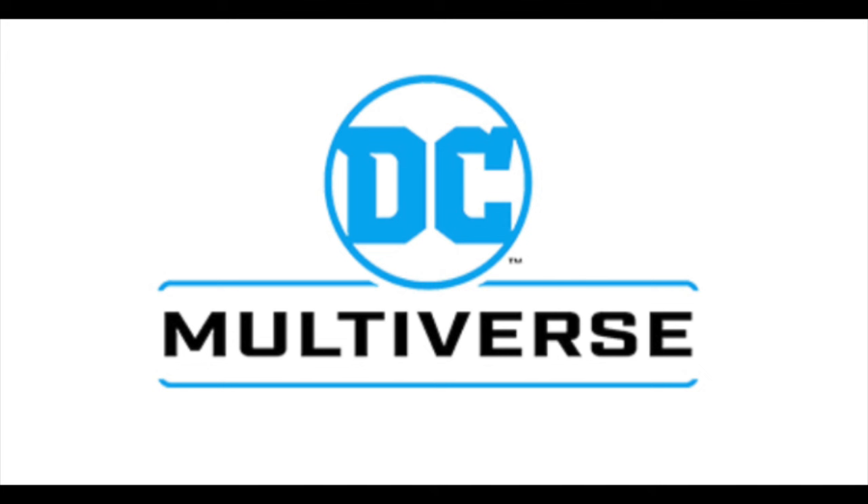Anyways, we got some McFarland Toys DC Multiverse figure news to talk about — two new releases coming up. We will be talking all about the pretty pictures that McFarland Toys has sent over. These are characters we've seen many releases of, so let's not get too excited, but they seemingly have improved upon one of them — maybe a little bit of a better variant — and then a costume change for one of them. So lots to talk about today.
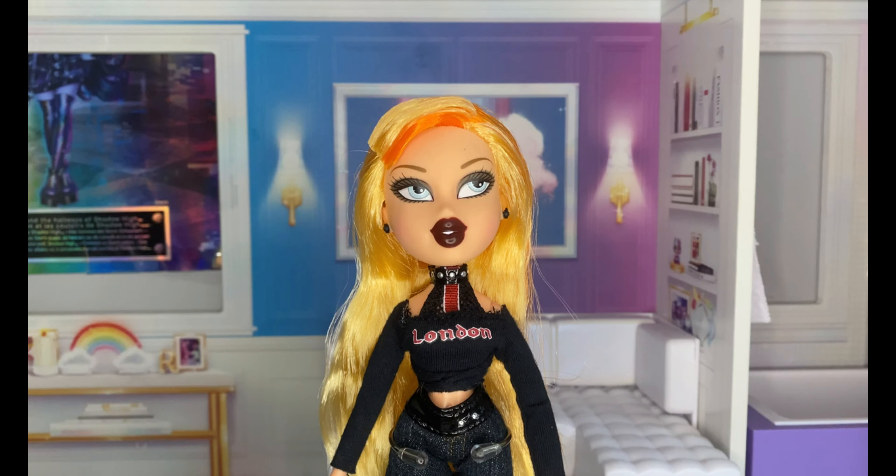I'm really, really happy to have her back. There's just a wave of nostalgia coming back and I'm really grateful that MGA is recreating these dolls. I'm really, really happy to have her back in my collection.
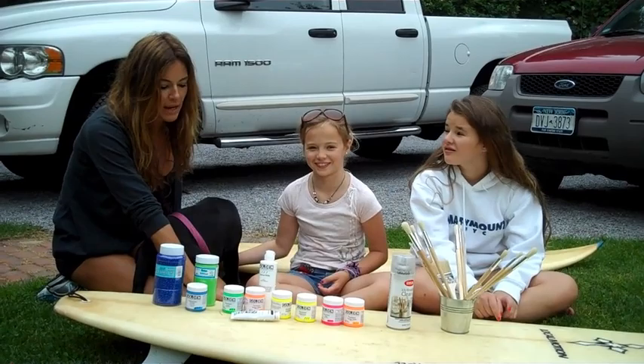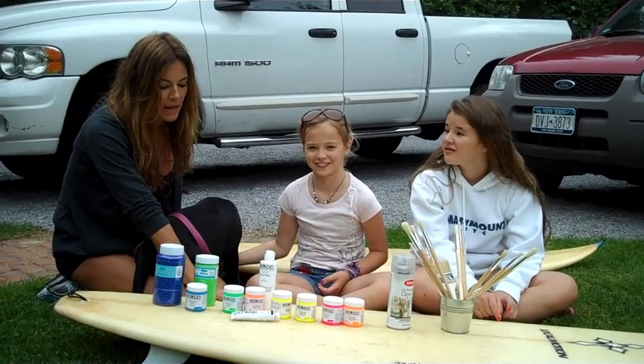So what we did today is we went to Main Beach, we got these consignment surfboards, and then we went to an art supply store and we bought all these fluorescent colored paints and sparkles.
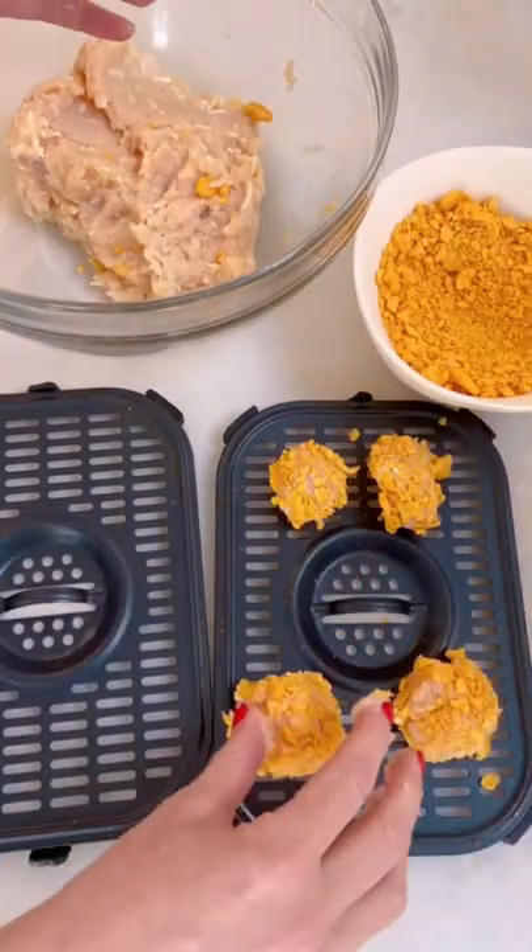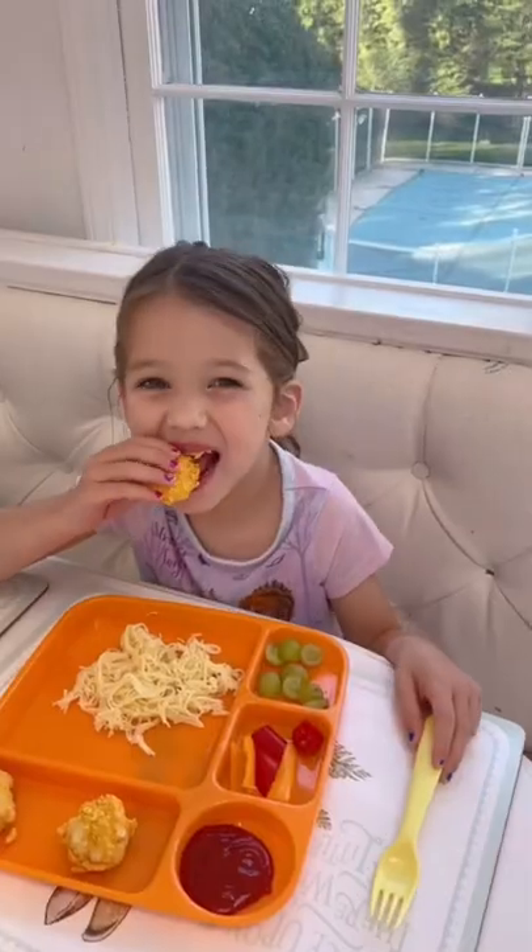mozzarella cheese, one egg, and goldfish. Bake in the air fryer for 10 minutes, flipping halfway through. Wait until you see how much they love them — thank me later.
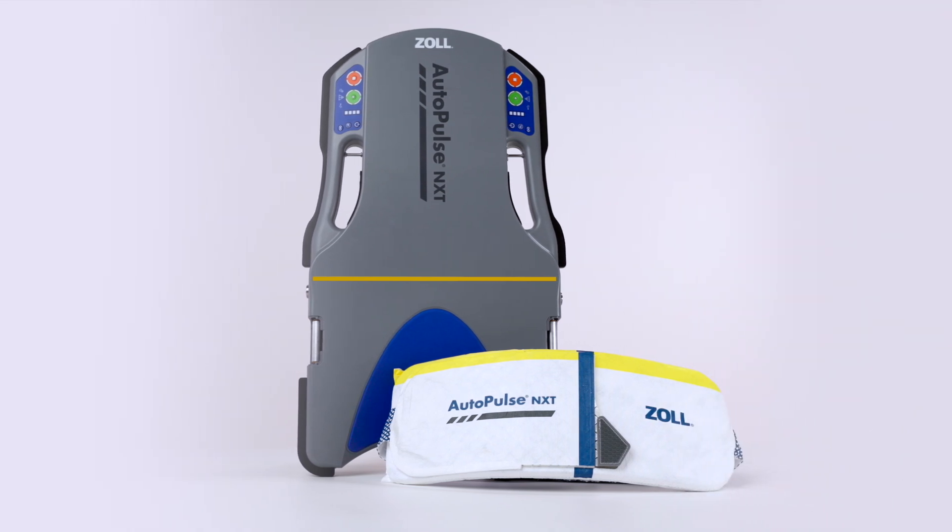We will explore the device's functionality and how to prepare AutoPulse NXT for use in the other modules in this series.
────────
Write out the listing word for word, omitting the pictures it holds.

Anyways, we got some McFarland Toys DC Multiverse figure news to talk about — two new releases coming up. We will be talking all about the pretty pictures that McFarland Toys has sent over. These are characters we've seen many releases of, so let's not get too excited, but they seemingly have improved upon one of them — maybe a little bit of a better variant — and then a costume change for one of them. So lots to talk about today.
I'm really, really happy to have her back. There's just a wave of nostalgia coming back and I'm really grateful that MGA is recreating these dolls. I'm really, really happy to have her back in my collection.
So what we did today is we went to Main Beach, we got these consignment surfboards, and then we went to an art supply store and we bought all these fluorescent colored paints and sparkles.
mozzarella cheese, one egg, and goldfish. Bake in the air fryer for 10 minutes, flipping halfway through. Wait until you see how much they love them — thank me later.
We will explore the device's functionality and how to prepare AutoPulse NXT for use in the other modules in this series.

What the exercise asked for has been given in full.